Ill be the first to admit, I dont understand Crypto. At this point I hope, in the very near future, we get to a place where Crypto is our biggest national issue, challenge, or problem. That is not to say, for people invested in, employed by, etc. Crypto isnt a big deal. If its important to you, its important. I have come to understand that, but the collective does face much darker and more imminent threats.

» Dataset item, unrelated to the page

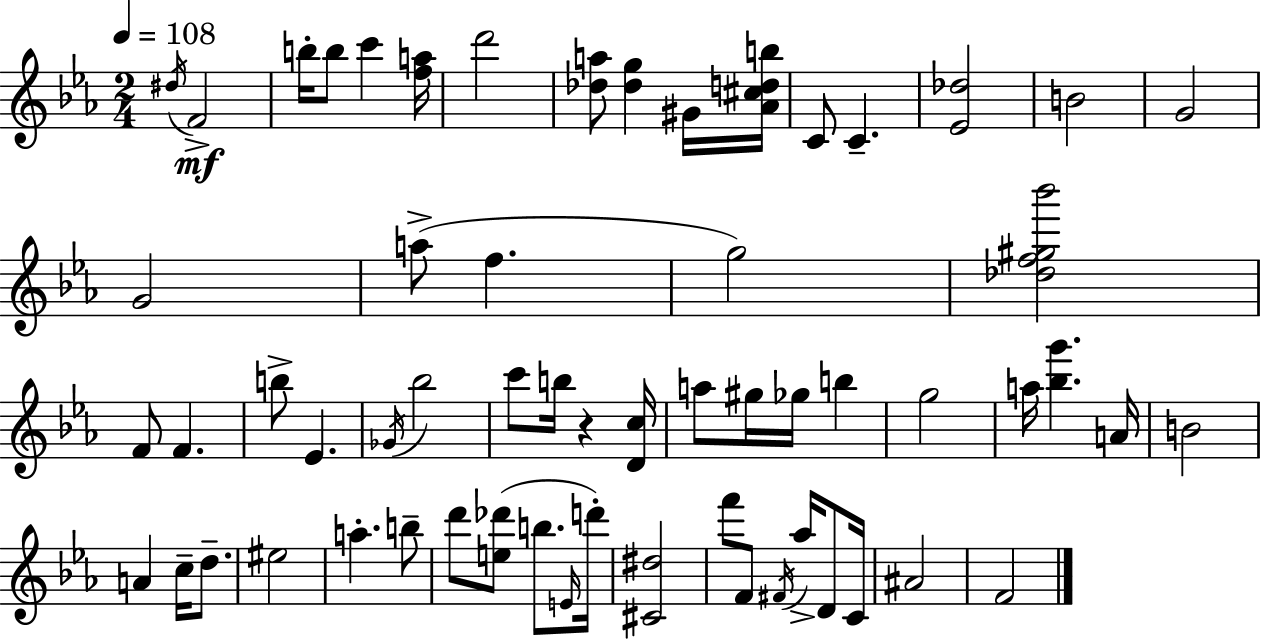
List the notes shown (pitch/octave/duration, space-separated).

D#5/s F4/h B5/s B5/e C6/q [F5,A5]/s D6/h [Db5,A5]/e [Db5,G5]/q G#4/s [Ab4,C#5,D5,B5]/s C4/e C4/q. [Eb4,Db5]/h B4/h G4/h G4/h A5/e F5/q. G5/h [Db5,F5,G#5,Bb6]/h F4/e F4/q. B5/e Eb4/q. Gb4/s Bb5/h C6/e B5/s R/q [D4,C5]/s A5/e G#5/s Gb5/s B5/q G5/h A5/s [Bb5,G6]/q. A4/s B4/h A4/q C5/s D5/e. EIS5/h A5/q. B5/e D6/e [E5,Db6]/e B5/e. E4/s D6/s [C#4,D#5]/h F6/e F4/e F#4/s Ab5/s D4/e C4/s A#4/h F4/h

So, as I said, hopefully we get to a better place.
Here’s a great documentary on bribery -and look at that; it was made just before crypto was used!

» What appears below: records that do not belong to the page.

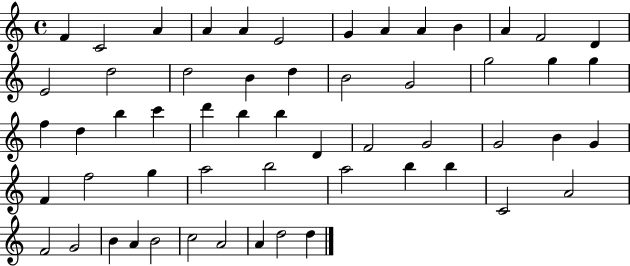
{
  \clef treble
  \time 4/4
  \defaultTimeSignature
  \key c \major
  f'4 c'2 a'4 | a'4 a'4 e'2 | g'4 a'4 a'4 b'4 | a'4 f'2 d'4 | \break e'2 d''2 | d''2 b'4 d''4 | b'2 g'2 | g''2 g''4 g''4 | \break f''4 d''4 b''4 c'''4 | d'''4 b''4 b''4 d'4 | f'2 g'2 | g'2 b'4 g'4 | \break f'4 f''2 g''4 | a''2 b''2 | a''2 b''4 b''4 | c'2 a'2 | \break f'2 g'2 | b'4 a'4 b'2 | c''2 a'2 | a'4 d''2 d''4 | \break \bar "|."
}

Maybe the GENIUSes in Congress will want to look at requiring decentralized id and legal intermediaries for digital currencies.
Inside the Senate’s last-ditch fight to save the GENIUS Act
Here’s a mini-doc on how Trump fixed a campaign funding shortfall with cash from Egypt (before he and his bois had found out about crypto…)
To be fair, ALL money is fake. Historically, humans have preferred an economy that relied upon trade. Not countries, individuals. The farmers brought some of their eggs to the butcher in exchange for beef. They also exchanged them to buy a bolt of cloth to make clothes, etc.
When kingdoms introduced currency, most people had little desire to use it. So the kings created taxes, something that can only be paid using the currency they created. In order to pay those taxes, the farmer, butcher, etc. now had to use that currency in their daily transactions. Thus, currency is actually worthless (fake) until someone artificially creates the need for it.
This theory is probably an oversimplification, but not too much. The myth and aura around money was created to make it seem much more complex and important than it actually is. This benefits the establishment, allowing them to mislead us. And it works, imo.
It all just seems a bit redundant and unnecessary to me. I could give a rip if it exists or not, but it should be regulated and, in no way, comingled with U.S. Treasury, nor insured by FDIC. The whole thing has a real “try hard” vibe to me. I never trust anyone or group of anyones who are working just a bit too hard to convince me something is good. Especially if they tell me “its not what it looks like” when I say ponzi scheme. Every time someone says “its not what it looks like”, its, invariably, EXACTLY what it looks like!!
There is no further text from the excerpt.